SARASOTA- With red tide still persistent in the Gulf of Mexico, researchers are trying to find out as much as they can about it.
“We’ve had a lot of people complaining,” Dr. Pierce said. “Of the choking irritation of Red Tide Toxins inland, so the Department of health was concerned about what people might be exposed to.”
The health department is paying for the close to 35 thousand dollar for an air quality study.
“In essence it’s a glorified vacuum cleaner that pulls air through a filter,” Dr. Pierce said. “The aerosolized toxins are actually small particles primarily associated with sea salt so their large enough to be collected.”
The filters are then put through chemical testing.
“Essentially just having a sheet that sucks in whatever is in the air,” Marguerite Kinsella said. “So we want to see what’s in the air, what’s in the water and the correlation to each other.”
Samples will be collected at different times throughout the day.
“We’re going to do 8AM, 1PM, and 6PM,” Kinsella said. “So kind of a nice interval to see if there is more potential toxins in the morning, afternoon or evening.”

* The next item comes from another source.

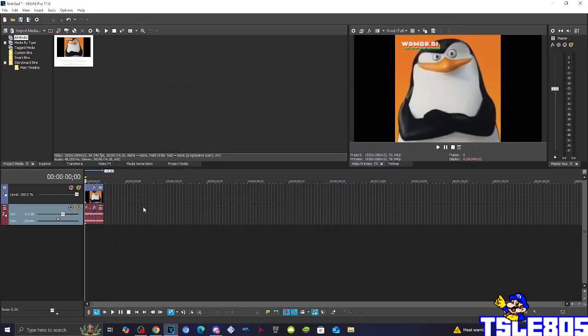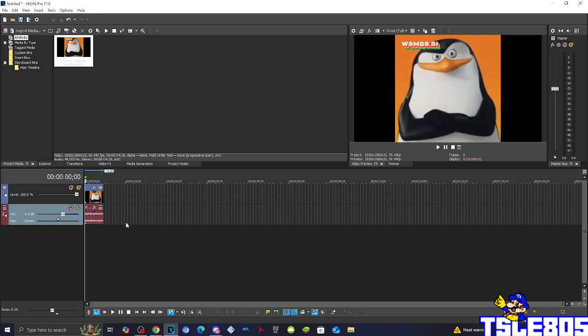Hi guys, Serbia here and this tutorial I will show you how to make extremely weird effect on Vegas Pro 17 or in any other Vegas Pro version.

They have 11 testing sites at Mote, on the beaches and farther inland.
“We have then others at fire stations,” Dr. Pierce said. “The fire department has been very helpful with us, we felt that would be a good place for security for our 24 hours a day sampling.”
The study is similar to one conducted between 2003 and 2006.
“At that point we did about 1 to 2 miles inland transect,” Dr. Pierce said. “This time we’re going as far as about 7 miles inland.”
Dr. Pierce says this should give researchers a better idea of how far the toxins are really traveling.
“A lot of people smell the dead fish,” Dr. Pierce said. “And the decomposing micro-algae and they think that that’s the red tide smell and it’s not.”
Samples will be collected over the course of a week, but some testing days could be postponed due to potential effects of Hurricane Michael.